Records provided:
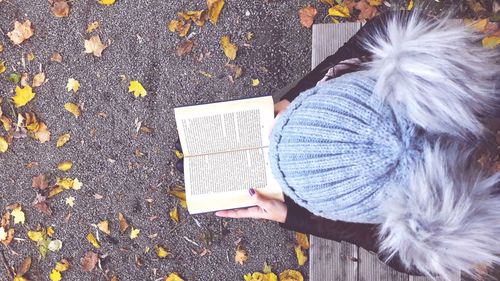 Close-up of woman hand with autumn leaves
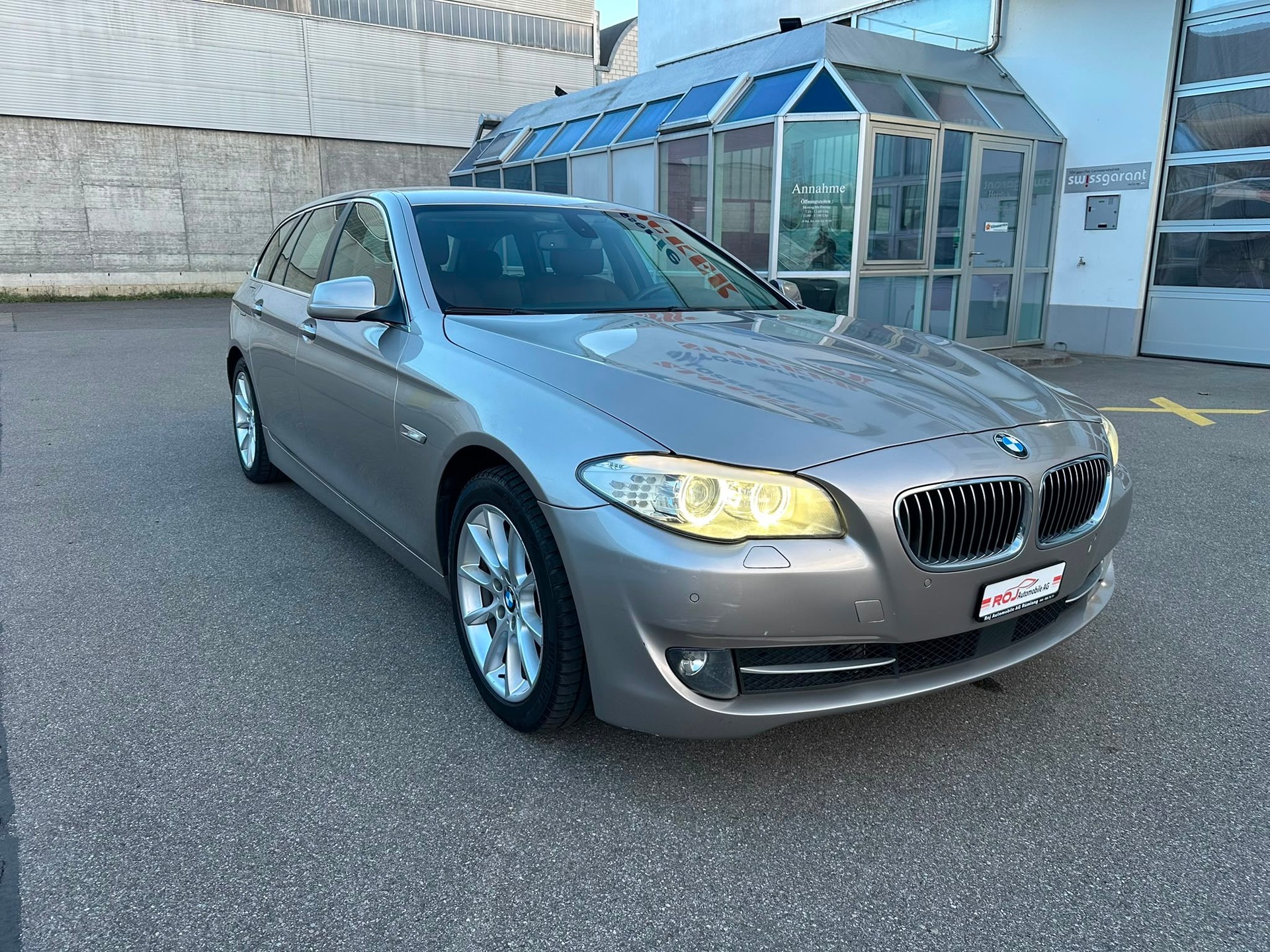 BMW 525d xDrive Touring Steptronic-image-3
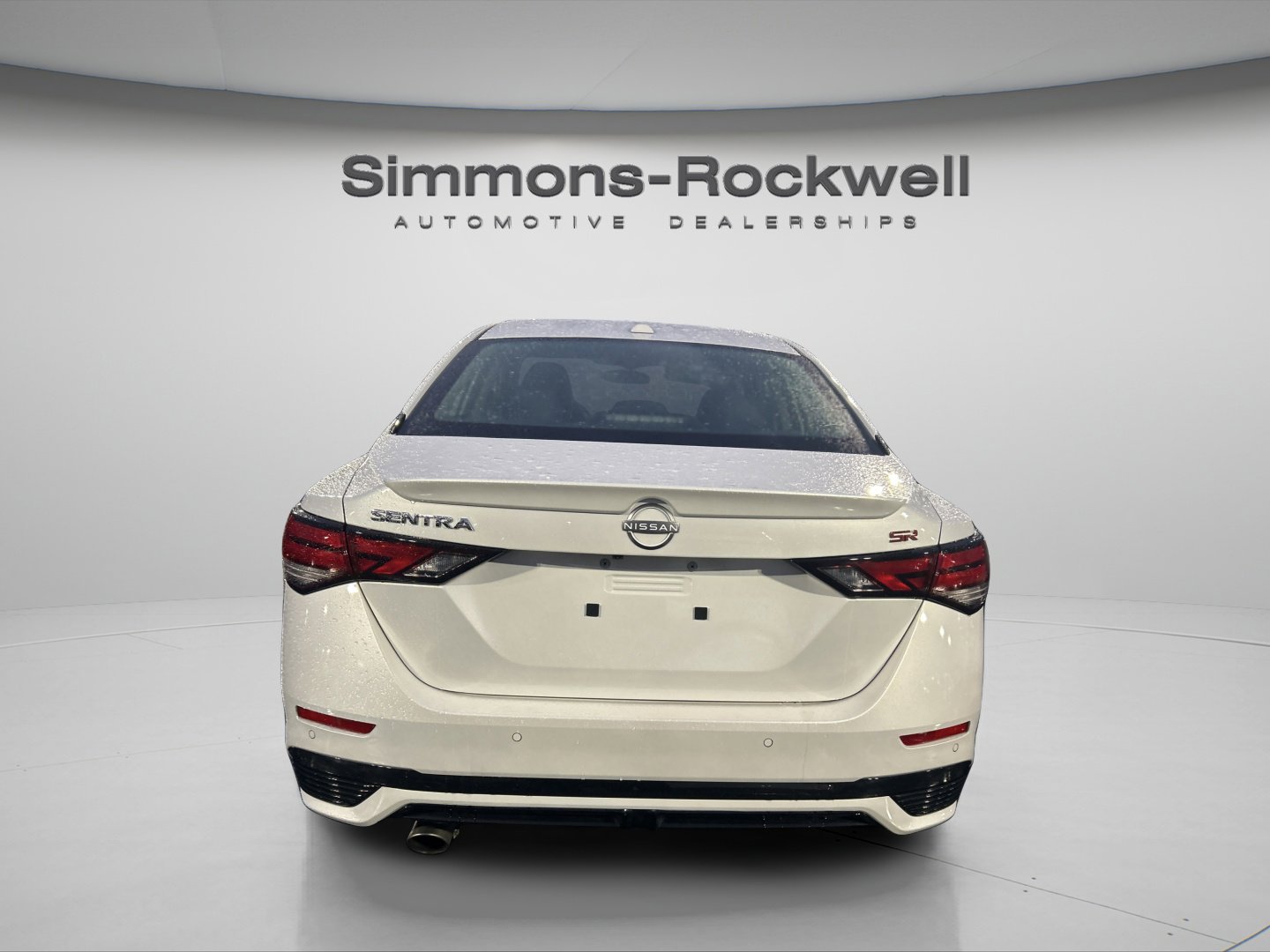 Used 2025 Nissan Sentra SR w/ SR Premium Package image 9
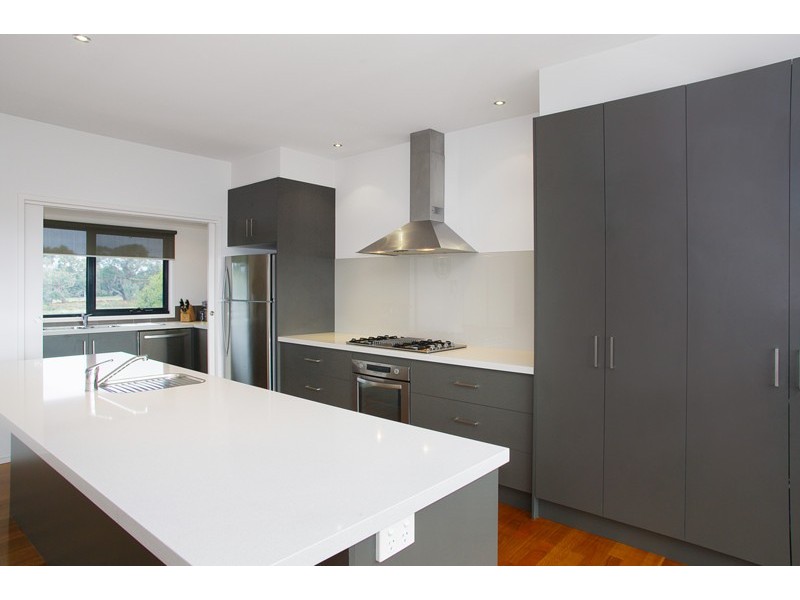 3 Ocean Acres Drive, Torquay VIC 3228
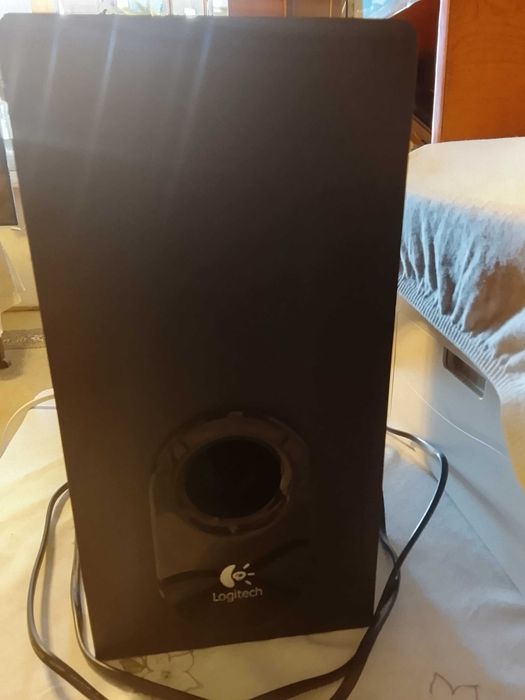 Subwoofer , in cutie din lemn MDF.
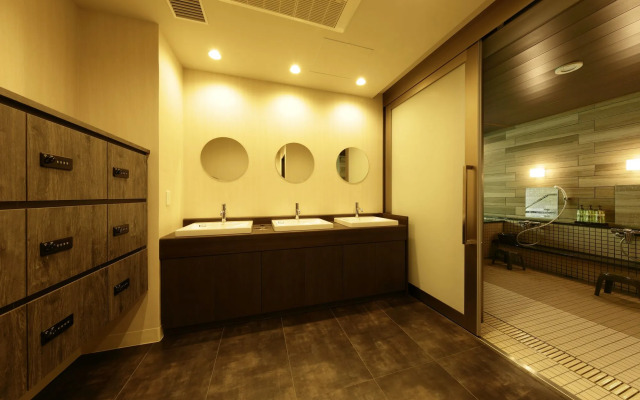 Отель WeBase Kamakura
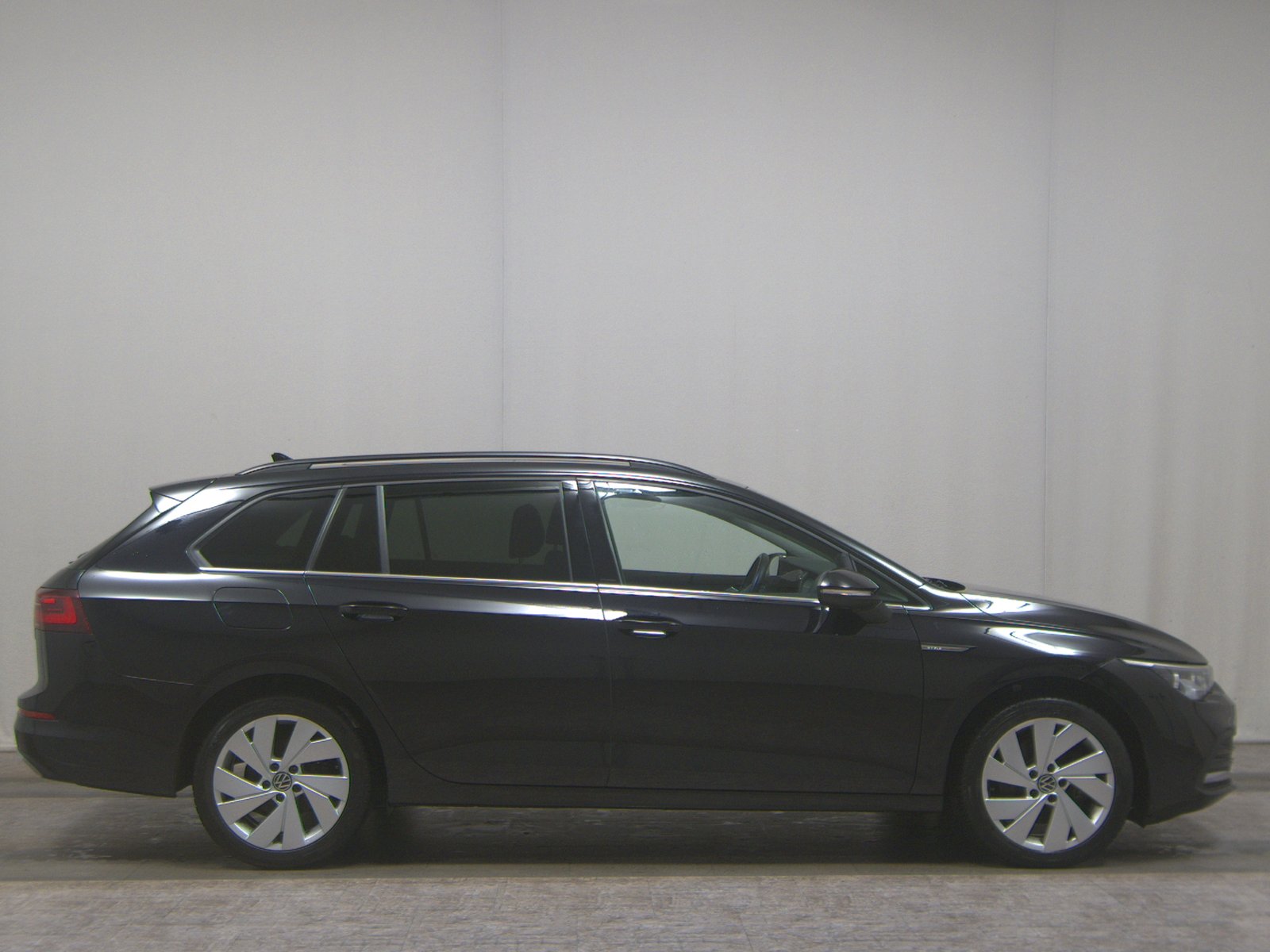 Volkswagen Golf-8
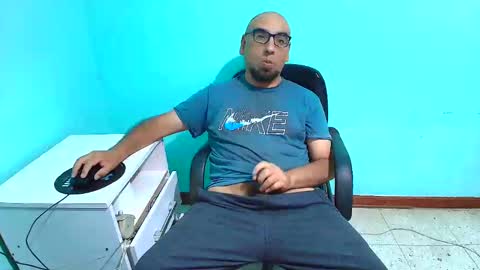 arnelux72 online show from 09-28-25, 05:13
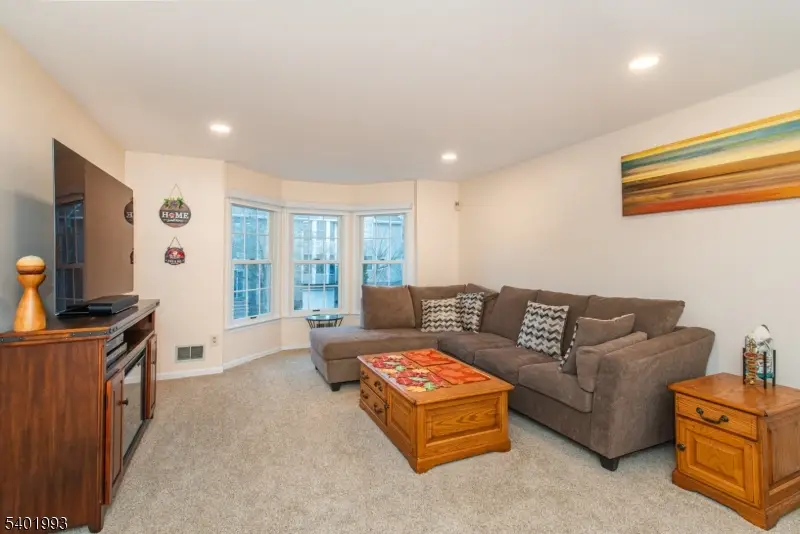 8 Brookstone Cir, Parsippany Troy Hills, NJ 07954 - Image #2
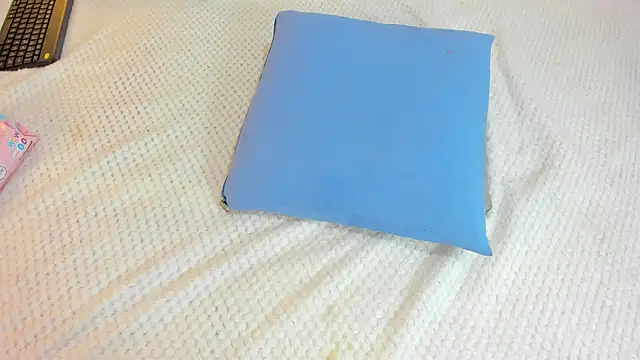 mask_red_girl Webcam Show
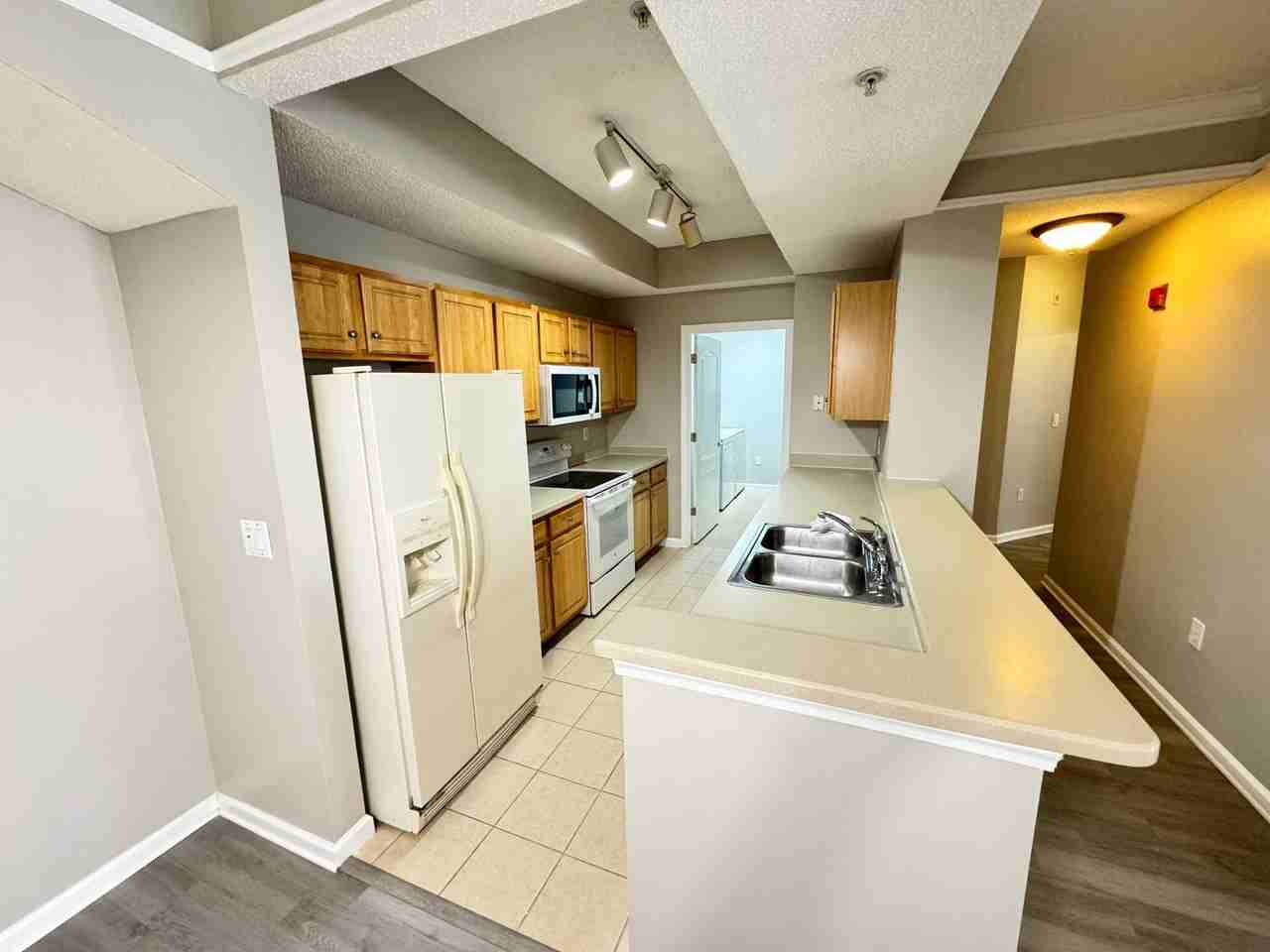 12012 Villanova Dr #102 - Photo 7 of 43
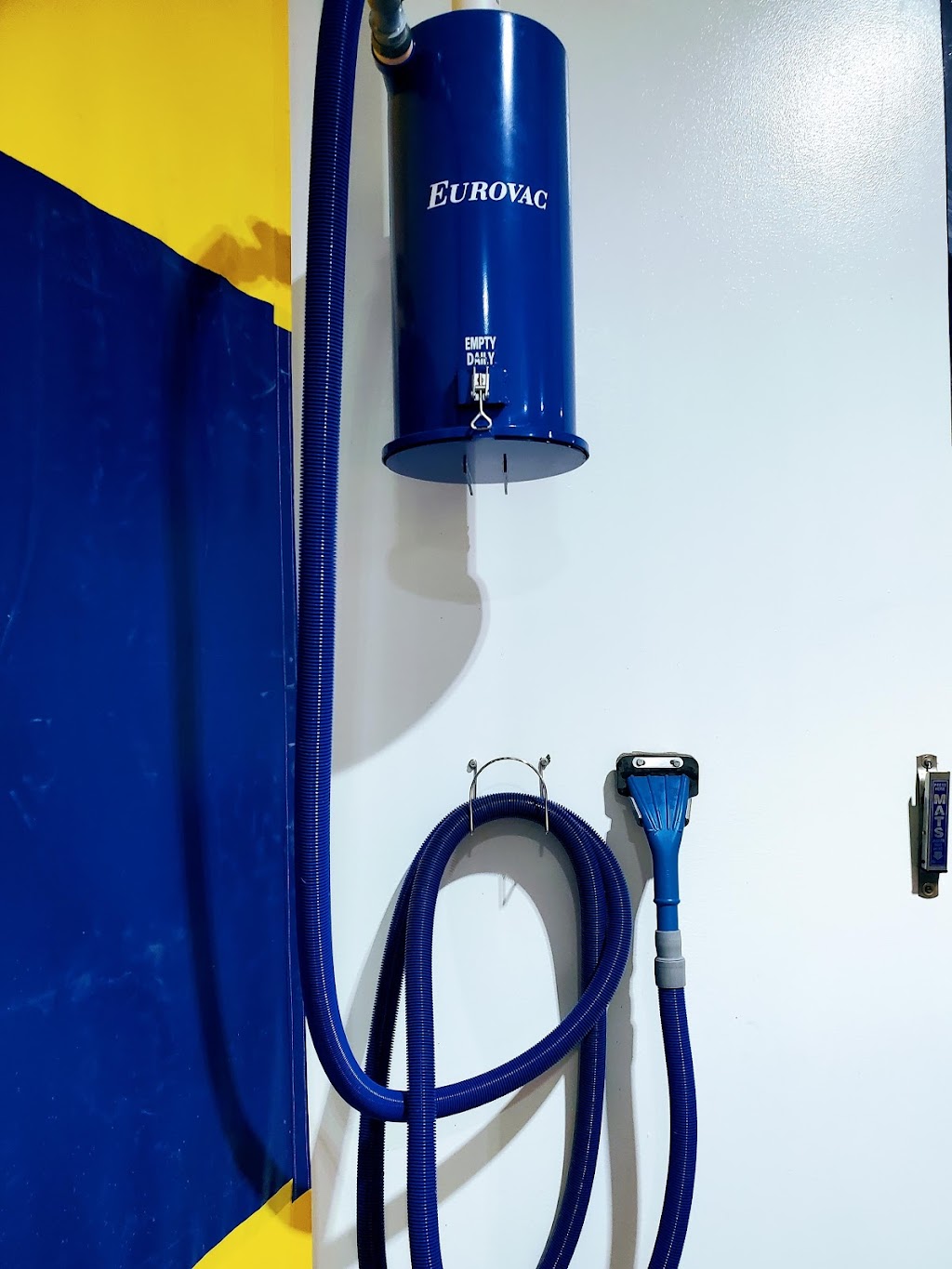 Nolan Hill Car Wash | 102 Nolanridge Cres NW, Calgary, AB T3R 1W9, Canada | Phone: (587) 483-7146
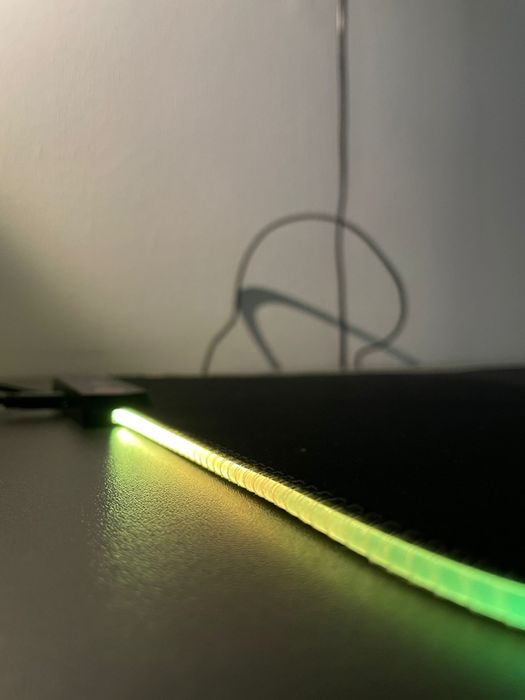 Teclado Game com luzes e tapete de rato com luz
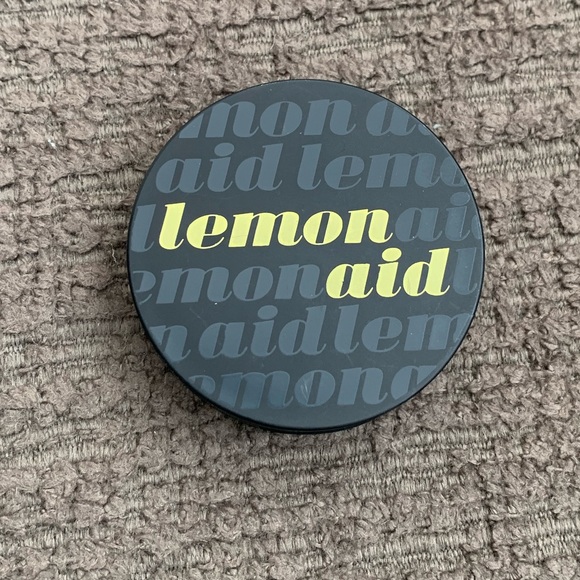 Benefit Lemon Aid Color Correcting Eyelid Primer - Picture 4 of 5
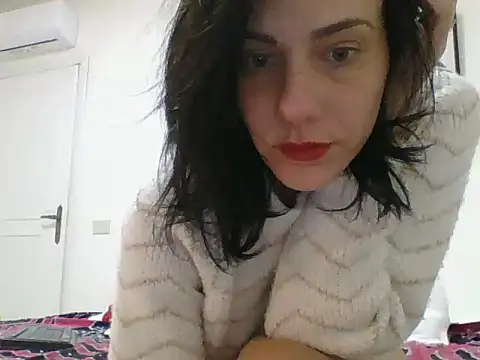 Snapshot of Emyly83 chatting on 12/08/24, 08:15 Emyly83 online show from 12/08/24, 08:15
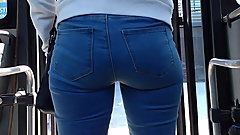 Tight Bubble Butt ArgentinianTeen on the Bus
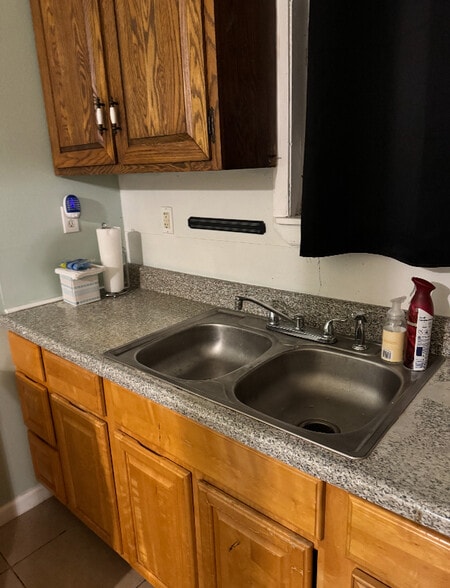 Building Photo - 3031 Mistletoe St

What this task involves: In the copy, include every line of the records exactly and none of the images.

Answer to this task:
 Close-up of woman hand with autumn leaves
 BMW 525d xDrive Touring Steptronic-image-3
 Used 2025 Nissan Sentra SR w/ SR Premium Package image 9
 3 Ocean Acres Drive, Torquay VIC 3228
 Subwoofer , in cutie din lemn MDF.
 Отель WeBase Kamakura
 Volkswagen Golf-8
 arnelux72 online show from 09-28-25, 05:13
 8 Brookstone Cir, Parsippany Troy Hills, NJ 07954 - Image #2
 mask_red_girl Webcam Show
 12012 Villanova Dr #102 - Photo 7 of 43
 Nolan Hill Car Wash | 102 Nolanridge Cres NW, Calgary, AB T3R 1W9, Canada | Phone: (587) 483-7146
 Teclado Game com luzes e tapete de rato com luz
 Benefit Lemon Aid Color Correcting Eyelid Primer - Picture 4 of 5
 Snapshot of Emyly83 chatting on 12/08/24, 08:15 Emyly83 online show from 12/08/24, 08:15
 Tight Bubble Butt ArgentinianTeen on the Bus
 Building Photo - 3031 Mistletoe St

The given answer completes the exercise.